## Dataset extract
--*--
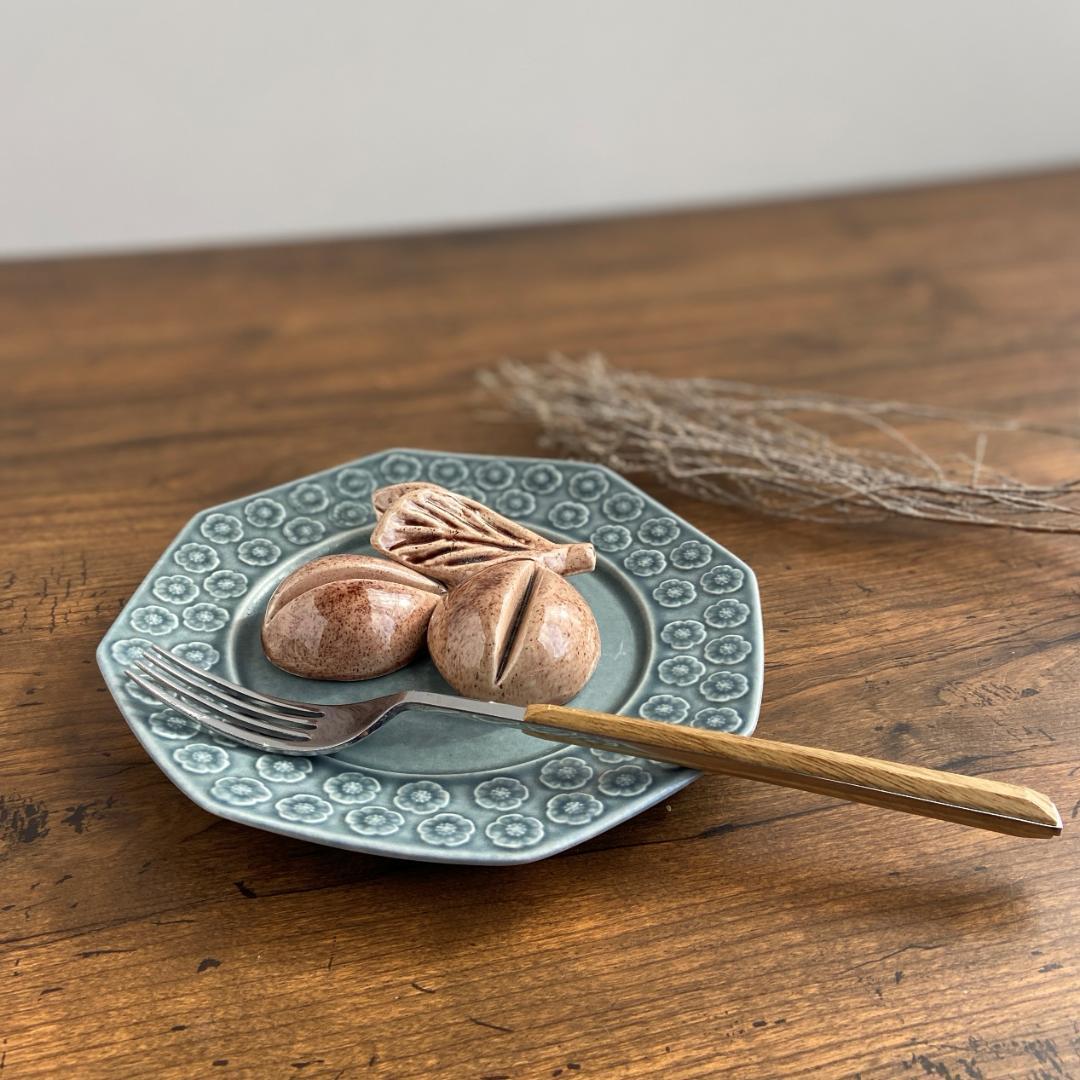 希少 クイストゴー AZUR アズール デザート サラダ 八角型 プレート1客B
--*--
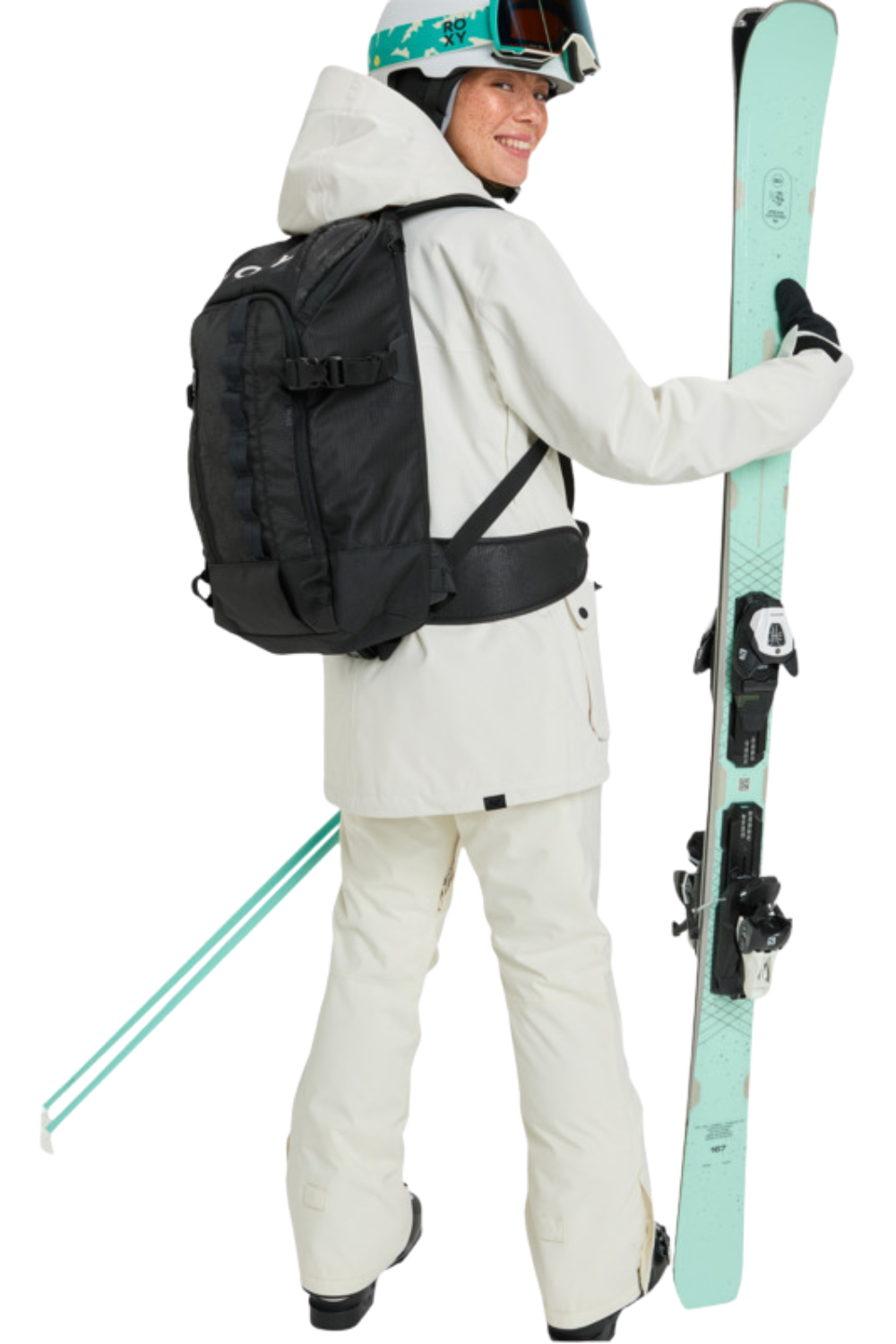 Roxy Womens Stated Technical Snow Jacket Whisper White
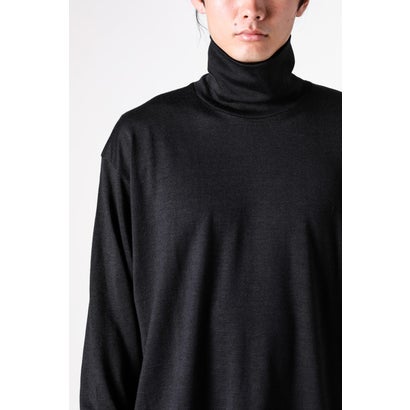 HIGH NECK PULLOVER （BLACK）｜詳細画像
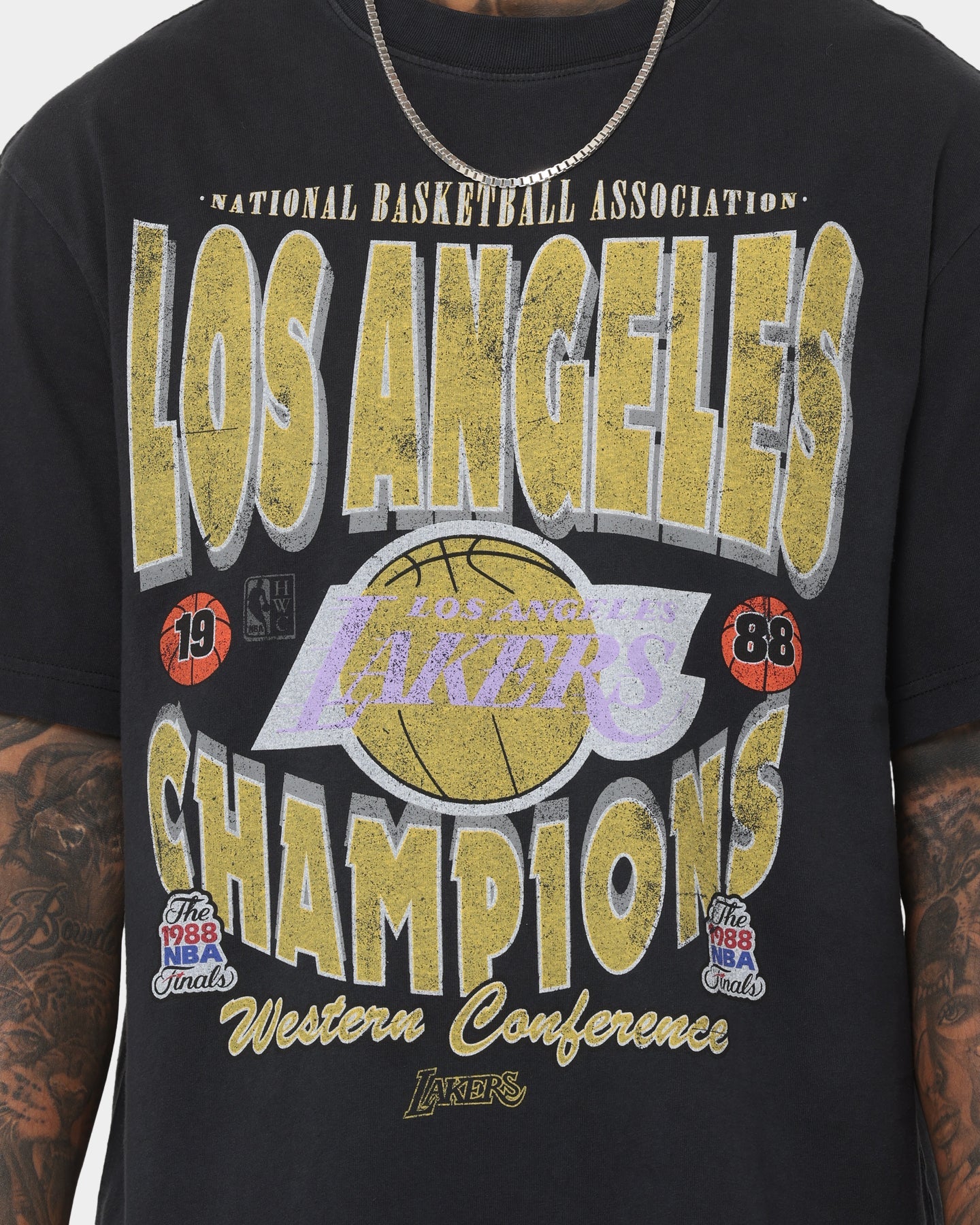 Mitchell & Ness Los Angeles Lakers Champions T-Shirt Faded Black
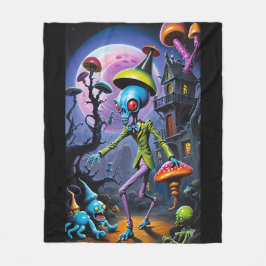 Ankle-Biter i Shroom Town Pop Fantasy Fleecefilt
--*--
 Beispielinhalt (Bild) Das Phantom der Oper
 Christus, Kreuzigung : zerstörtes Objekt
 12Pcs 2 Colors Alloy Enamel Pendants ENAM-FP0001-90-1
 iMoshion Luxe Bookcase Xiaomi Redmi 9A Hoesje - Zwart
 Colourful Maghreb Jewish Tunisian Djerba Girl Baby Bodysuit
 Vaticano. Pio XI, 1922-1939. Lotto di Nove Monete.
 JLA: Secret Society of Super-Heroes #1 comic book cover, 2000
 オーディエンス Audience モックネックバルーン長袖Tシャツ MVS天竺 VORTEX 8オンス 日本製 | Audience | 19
--*--
## Your objective
Begin with the line above that has "Vaticano. Pio XI, 1922-1939." and continue through the line that has "オーディエンス Audience モックネックバルーン長袖Tシャツ", setting each one down exactly. Stop there.

## Final answer
 Vaticano. Pio XI, 1922-1939. Lotto di Nove Monete.
 JLA: Secret Society of Super-Heroes #1 comic book cover, 2000
 オーディエンス Audience モックネックバルーン長袖Tシャツ MVS天竺 VORTEX 8オンス 日本製 | Audience | 19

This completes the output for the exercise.